Per rafforzare la consapevolezza dell’importanza di questo fattore può valer la pena di richiamare di sfuggita il caso della cantieristica della Corea del Sud che negli ultimi decenni è cresciuta a grande velocità risucchiando una buona fetta del mercato mondiale. Questa crescita viene fatta risalire dagli operatori del settore al fatto che la Corea del Sud ha saputo sviluppare molto rapidamente le maestranze necessarie proprio rifacendosi  allo European Qualification Framework. Recentemente la Nuova Zelanda e l’Australia hanno abbracciato questo sistema.

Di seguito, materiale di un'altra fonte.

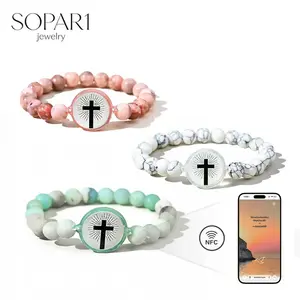 NFC Daily Bible Cross with Stone Bead Bracelet,Couple Bracelet for Birthday / Christmas / New Year / Valentine's Day Love Gift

Qui di seguito cercheremo di descrivere questo sistema e cercheremo di capire come si posiziona l’Italia nei suoi confronti.

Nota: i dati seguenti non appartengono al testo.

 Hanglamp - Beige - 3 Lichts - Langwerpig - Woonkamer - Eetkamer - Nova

Lo European Qualification Framework basa tutte le così dette politiche attive del lavoro su di una griglia di “profili professionali” definiti in termini dei “saperi” e dei “saper fare” necessari. Sopra le Alpi (sia nella parte francofona che in quella germanica) questa griglia è realizzata ed aggiornata da meccanismi che fanno perno sulle organizzazioni datoriali e sui sindacati. L’aggiornamento riguarda prevalentemente i contenuti dei singoli profili piuttosto che l’insorgere di nuovi profili. Questa griglia serve per organizzare la formazione di base e per organizzare gli aggiornamenti. La griglia serve inoltre per favorire l’incontro tra domanda e offerta di lavoro. L’imprenditore che cerca un collaboratore lo va a cercare su questa griglia. Il cercatore di impiego propone la sua disponibilità su questa griglia. In questo modo  si riducono i tempi di attesa e si minimizza il mismatching. Questa griglia è a disposizione di chi la voglia usare, prima di tutto le agenzie di lavoro interinale.

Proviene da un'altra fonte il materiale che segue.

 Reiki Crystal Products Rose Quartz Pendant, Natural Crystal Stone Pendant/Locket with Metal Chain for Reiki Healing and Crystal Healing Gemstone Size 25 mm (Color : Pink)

Dove si colloca l’Italia rispetto allo European Qualification Framework? Innanzi tutto il dialogo tra associazioni datoriali e sindacati da noi non esiste. Le griglie esistenti sono state create per iniziativa delle singole Regioni solo perché servono a giustificare burocraticamente la richiesta delle risorse del Fondo Sociale Europeo. Le  Regioni hanno affidato la creazione di queste griglie a ditte di consulenti esterni che  hanno ignorato la mappatura dei “saperi” e dei “saper fare” necessari ai singoli profili concentrandosi sugli aspetti psicologici. Ne risulta che le griglie esistenti non sono riconosciute dal mercato del lavoro, non possono essere usate per favorire l’incontro tra domanda e offerta né possono essere usate per organizzare la formazione e l’aggiornamento. A livello di risorse finanziarie l’Italia può contare su vari flussi provenienti dallo Stato, dalla UE e dallo 0,30% della massa salariale di tutti i dipendenti del settore privato. Queste risorse ingentissime vengono dilapidate in iniziative scoordinate proprio perché non siamo partners attivi dello European Qualification Framework, venendo quindi a mancare l’elemento unificante necessario alla finalizzazione delle risorse finanziarie.

La UE sta già facendo molto per garantire la sua competitività puntando innanzi tutto sulle competenze delle proprie risorse umane piuttosto che sulle risorse finanziarie. Peccato che tutti questi sforzi non vengano percepiti dal grande pubblico e, talvolta, nemmeno dagli operatori del settore. Peccato che l’Italia resti ancora a margine di questi sforzi autoemarginandosi progressivamente dallo sviluppo di quello che sta diventando il mercato europei del lavoro.